__TASK TO COMPLETE__: Write the data out again, exactly as given.

Records excerpted from a collection
---+---
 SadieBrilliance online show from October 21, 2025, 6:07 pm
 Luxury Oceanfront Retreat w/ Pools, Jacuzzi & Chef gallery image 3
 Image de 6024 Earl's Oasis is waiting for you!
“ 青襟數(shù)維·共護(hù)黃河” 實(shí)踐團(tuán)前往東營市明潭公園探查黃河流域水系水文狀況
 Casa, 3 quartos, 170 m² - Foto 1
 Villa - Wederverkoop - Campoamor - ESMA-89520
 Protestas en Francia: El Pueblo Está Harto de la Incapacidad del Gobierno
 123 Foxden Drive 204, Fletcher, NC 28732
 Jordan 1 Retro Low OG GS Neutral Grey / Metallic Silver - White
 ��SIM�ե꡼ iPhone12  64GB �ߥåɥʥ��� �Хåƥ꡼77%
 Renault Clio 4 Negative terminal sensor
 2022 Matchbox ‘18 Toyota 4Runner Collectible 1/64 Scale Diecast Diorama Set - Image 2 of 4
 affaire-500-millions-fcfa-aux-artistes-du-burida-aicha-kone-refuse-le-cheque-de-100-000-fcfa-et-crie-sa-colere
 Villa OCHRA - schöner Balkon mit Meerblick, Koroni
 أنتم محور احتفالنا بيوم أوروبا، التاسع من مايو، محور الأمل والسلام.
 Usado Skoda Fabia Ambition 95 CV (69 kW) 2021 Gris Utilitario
---+---
__EXERCISE OUTPUT__:
 SadieBrilliance online show from October 21, 2025, 6:07 pm
 Luxury Oceanfront Retreat w/ Pools, Jacuzzi & Chef gallery image 3
 Image de 6024 Earl's Oasis is waiting for you!
“ 青襟數(shù)維·共護(hù)黃河” 實(shí)踐團(tuán)前往東營市明潭公園探查黃河流域水系水文狀況
 Casa, 3 quartos, 170 m² - Foto 1
 Villa - Wederverkoop - Campoamor - ESMA-89520
 Protestas en Francia: El Pueblo Está Harto de la Incapacidad del Gobierno
 123 Foxden Drive 204, Fletcher, NC 28732
 Jordan 1 Retro Low OG GS Neutral Grey / Metallic Silver - White
 ��SIM�ե꡼ iPhone12  64GB �ߥåɥʥ��� �Хåƥ꡼77%
 Renault Clio 4 Negative terminal sensor
 2022 Matchbox ‘18 Toyota 4Runner Collectible 1/64 Scale Diecast Diorama Set - Image 2 of 4
 affaire-500-millions-fcfa-aux-artistes-du-burida-aicha-kone-refuse-le-cheque-de-100-000-fcfa-et-crie-sa-colere
 Villa OCHRA - schöner Balkon mit Meerblick, Koroni
 أنتم محور احتفالنا بيوم أوروبا، التاسع من مايو، محور الأمل والسلام.
 Usado Skoda Fabia Ambition 95 CV (69 kW) 2021 Gris Utilitario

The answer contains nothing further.